The development of targeted therapies has significantly improved the survival of melanoma patients over the last decade; however, patients often relapse because many therapies do not kill all of the tumor cells, and the remaining cells adapt to treatment and become resistant. Moffitt Cancer Center researchers have discovered a novel mechanism that can lead melanoma cells to develop resistance to drugs that target the protein BRAF.
Mutations in the gene BRAF are the most common mutation found in melanoma, with up to 50 percent of tumors testing positive for the mutations. Several agents that directly target BRAF have been approved by the Food and Drug Administration for the treatment of melanoma patients who have the mutation, including dabrafenib and vemurafenib. However, many patients become resistant to BRAF inhibitors and relapse. This resistance is associated with reactivation of the BRAF protein communication pathway in tumor cells.
Another gene that is frequently mutated in melanoma is PTEN. Studies have shown that melanoma patients who have both BRAF and PTEN mutations may have a poorer response to dabrafenib and vemurafenib therapy.

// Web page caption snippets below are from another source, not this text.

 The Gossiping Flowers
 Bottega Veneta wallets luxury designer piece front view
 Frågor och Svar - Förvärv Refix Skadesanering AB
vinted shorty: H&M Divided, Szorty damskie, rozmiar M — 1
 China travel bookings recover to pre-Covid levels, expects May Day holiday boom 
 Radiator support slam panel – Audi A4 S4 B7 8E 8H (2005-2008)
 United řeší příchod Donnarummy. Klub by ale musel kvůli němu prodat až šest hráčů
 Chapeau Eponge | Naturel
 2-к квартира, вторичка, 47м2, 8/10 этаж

Moffitt researchers wanted to determine the mechanism responsible for resistance to BRAF inhibitors. They discovered that BRAF inhibitors cause BRAF and PTEN mutant melanoma cells to increase levels of fibronectin. Fibronectin is a protein that is expressed in the space surrounding cells. The researchers found that higher levels of fibronectin allow melanoma cells to form their own protective environment that reduces the ability of BRAF inhibitors to kill tumor cells.

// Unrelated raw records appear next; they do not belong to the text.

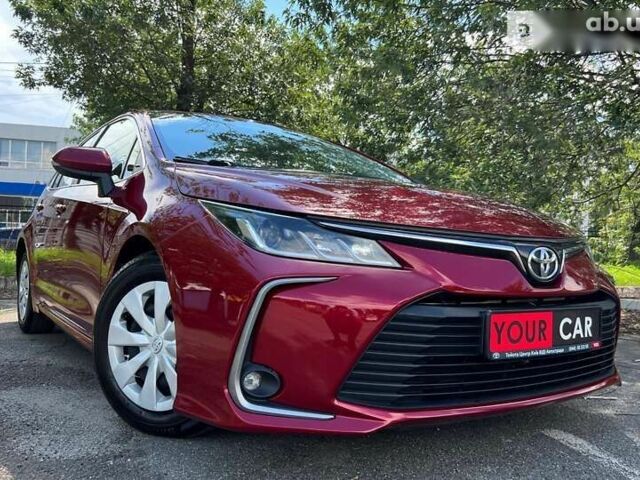 Тойота Королла, объемом двигателя 1.6 л и пробегом 100 тыс. км за 17500 $, фото 15 на Automoto.ua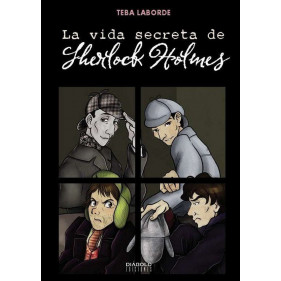 LA VIDA ECRETA DE HERLOCK HOLMES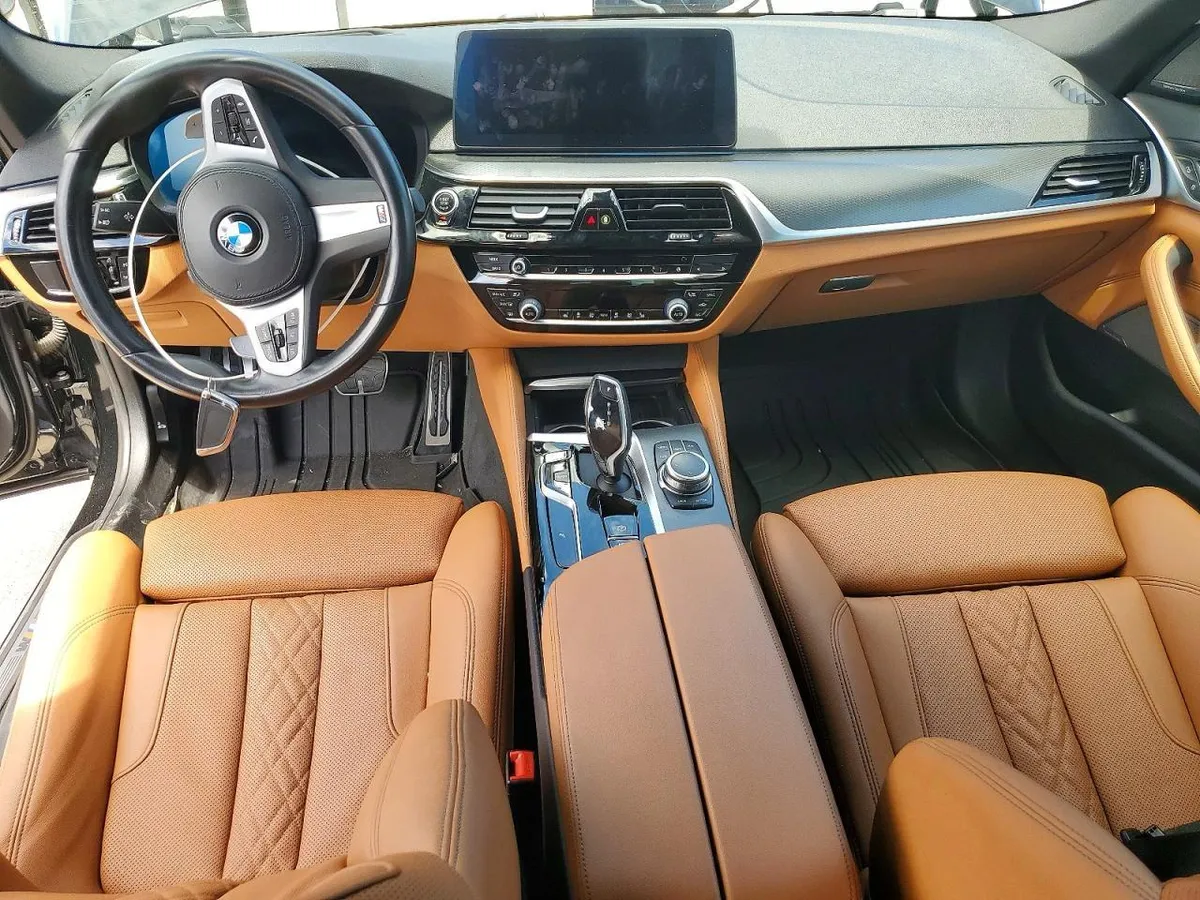 BMW 530 I 2022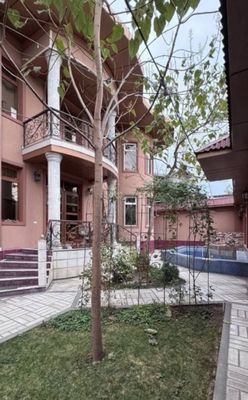 Ракат Мукуми' 4.69 сотки фасад 22 м.$ Договорная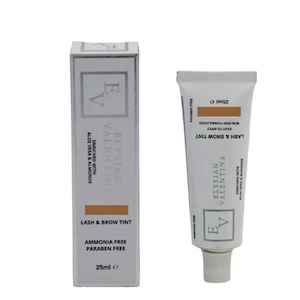 Elysian Valentina: Elysian Valentina - Hybrid Tint Light Brown 25ml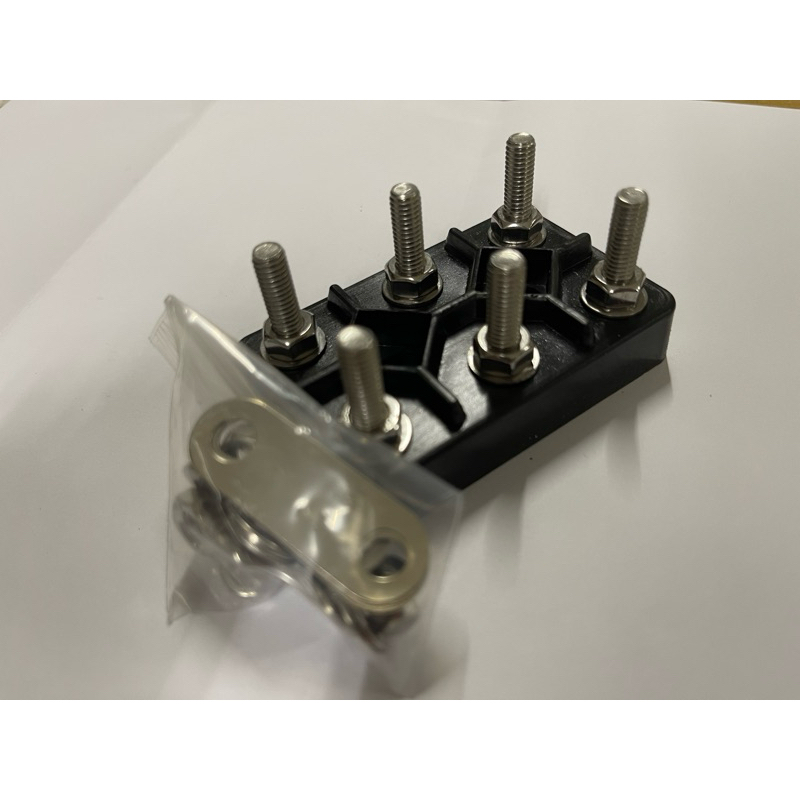 Electric Motor Terminal - T3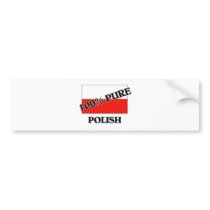 100 Percent POLISH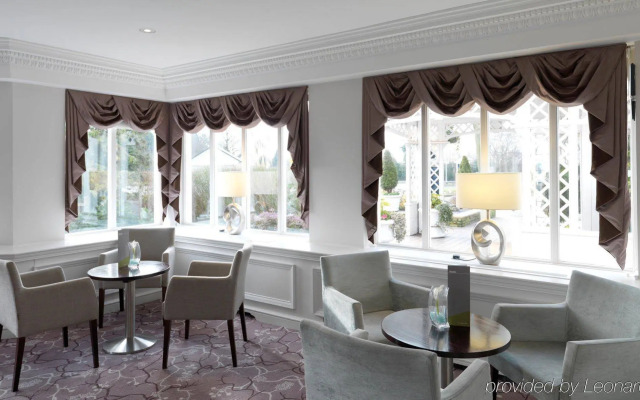 Mercure St Albans Noke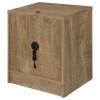 Westpark Mango Nightstand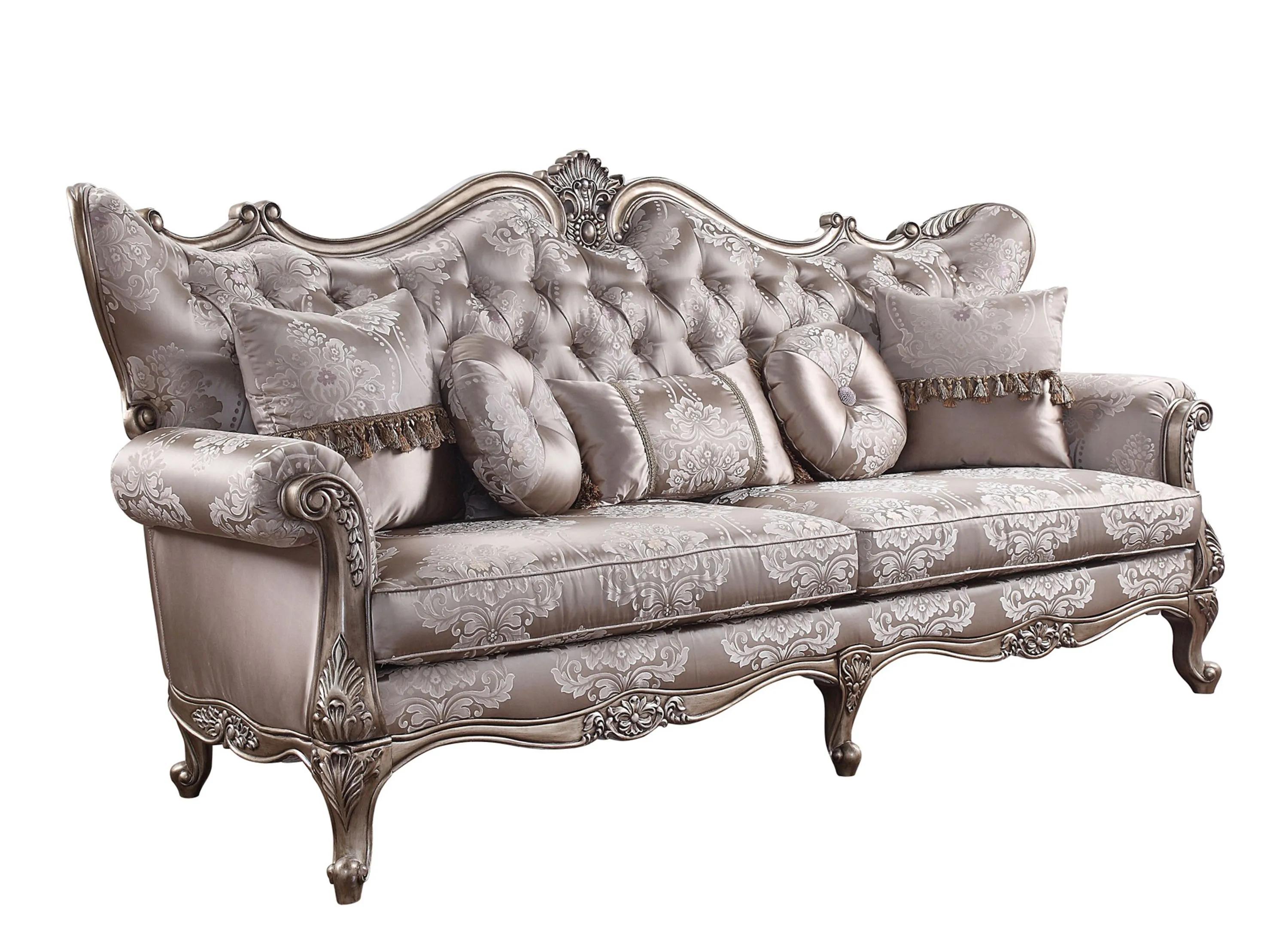 Nithgaard Sofa
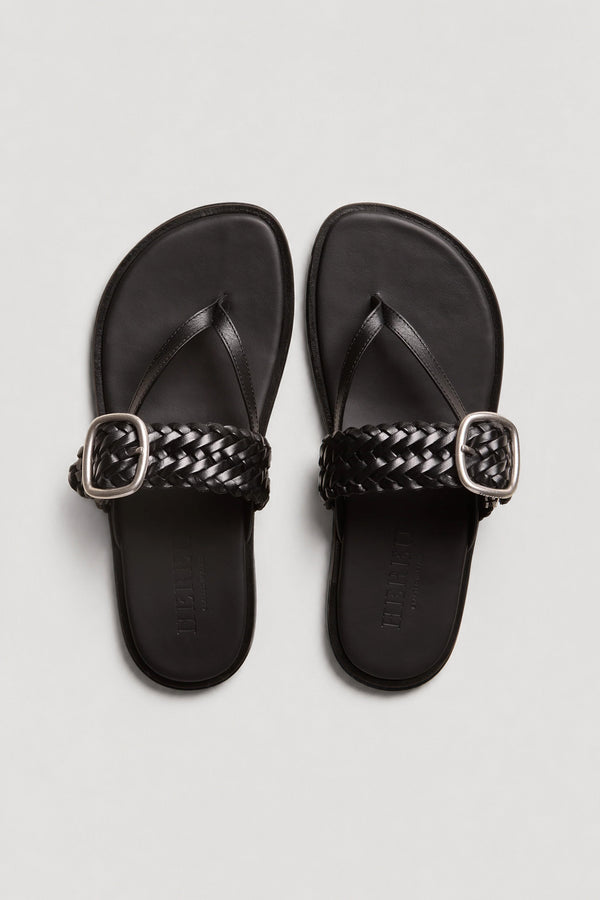 Tanca Thong in Black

Importantly, the researchers discovered that melanoma patients who have PTEN mutations and higher levels of fibronectin in their tumors tend to have a lower overall survival. They also showed that targeting the tumor with BRAF inhibitors combined with a drug that targets the protective environment significantly enhances the killing effect of the BRAF inhibitor.
"This study gives important new insights into why nearly all melanoma patients fail targeted therapy," explained Keiran S. Smalley, Ph.D., associate member of the Tumor Biology Program at Moffitt.
The researchers believe that effective cancer therapy in the future will require the combined action of drugs that target both the tumor and its adaptive responses to initial therapies. This is particularly important for melanoma patients because the survival of only a single cell after initial cancer therapy is enough to allow a melanoma tumor to regrow. According to Inna Fedorenko, Ph.D., post-doctoral fellow at Moffitt, "targeting the protective environment is one way of delivering more durable therapeutic responses to our patients."
The study was published June 15 online ahead of print in the journal Oncogene.